2. "Redneckville." Although Republicans made a clean sweep of the November elections, ABC made it a point to run a story on the one liberal victory of the day. Peter Jennings declared : "And in Houston voters chose to keep in place an affirmative action program that steers city contracts to companies owned by women and minorities. The Houston decision seems to buck a trend developing in the country to reverse course on affirmative action." That intro was fine, but the conclusion from reporter Dean Reynolds was something else: "Mayor [Bob] Lanier said the choice for Houston was clear: people here had to decide whether they wanted to be viewed as a cosmopolitan, diverse, international city or, as he put it, 'Redneckville.'"
3. Ward Connerly. When Mike Wallace interviewed black Proposition 209 activist Ward Connerly on "60 Minutes" November 9, one might not feel the segment was atrociously one-sided - but only because Connerly was so impressive answering Wallace's hectoring questions.

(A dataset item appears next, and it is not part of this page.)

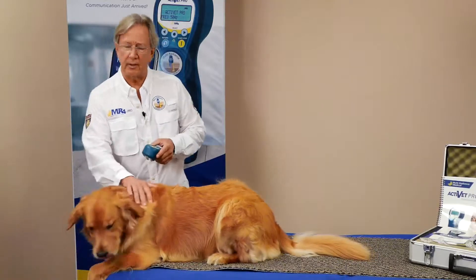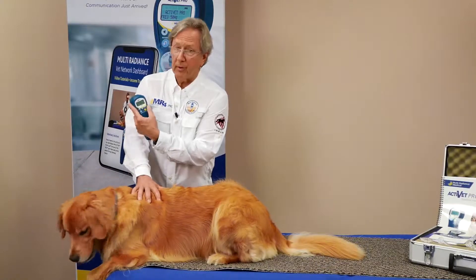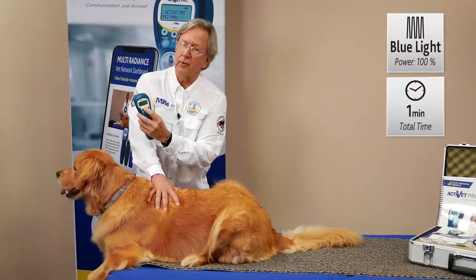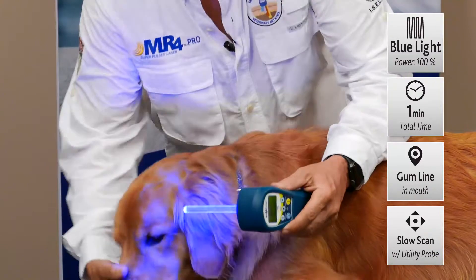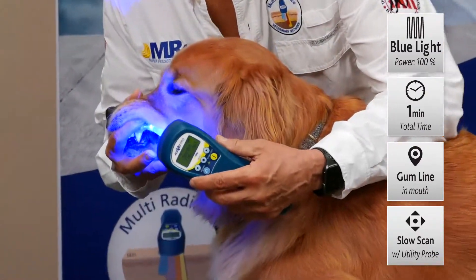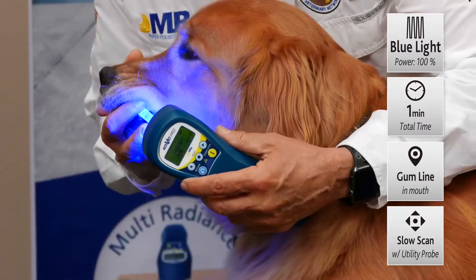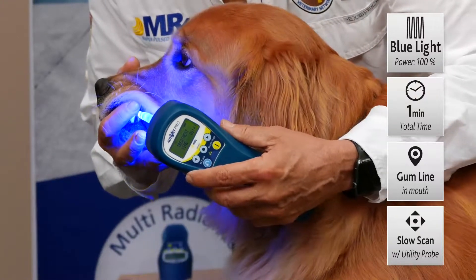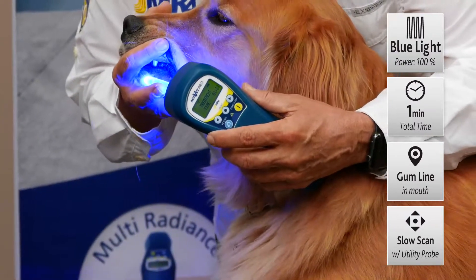Now if there happens to be infection there as well, it's a good idea to just hit stop, come back to the Activet Pro setting, bump that over to the blue mode, press select, take it up to a full hundred percent, and do another minute with the blue. Then just repeat and come right along the gum line with the blue radiance. It's very effective against infection, even MRSA — it causes oxidative stress and those bacteria just die. You'll really be impressed with how much faster these conditions resolve when using laser therapy along with this very special blue wavelength.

"Do you never feel like you're being used by white conservatives to lead this thing, that you're the cat's paw?" was just one of many insults hurled at this black man for daring to be conservative. Wallace brought on Connerly's cousin to accuse him of wanting to be white and "providing a safe harbor for the bigots of America." Her husband warned other blacks of Connerly's "minstrel show." Wallace asked Connerly: "One of your critics says: 'for someone to stand within the ranks and say I'm not black, but use it to destroy his own people, that's the kind we label a traitor that's how you're perceived by many people in the black community. 'I'm not black,' says Ward Connerly." When Connerly praised the kindness of white strangers, Wallace replied: "I get the feeling that you're looking at things through rose-colored glasses. I can see black folks across the country look at him now and saying 'what world does this Connerly guy think we're living in?'"
A few minutes after Wallace was finished, Andy Rooney noted that across the hall at CBS "This Morning" there are 46 producers, of whom 30 are women, and 12 are black men or women. Rooney declared: "Am I in favor of affirmative action? No, I'm not. As Ward Connerly said earlier on the show, you cannot correct a wrong by arbitarily giving one group of people an advantage over another because of race or sex."
That's objectivity, and needless to say, it looks like Andy Rooney could be in trouble again.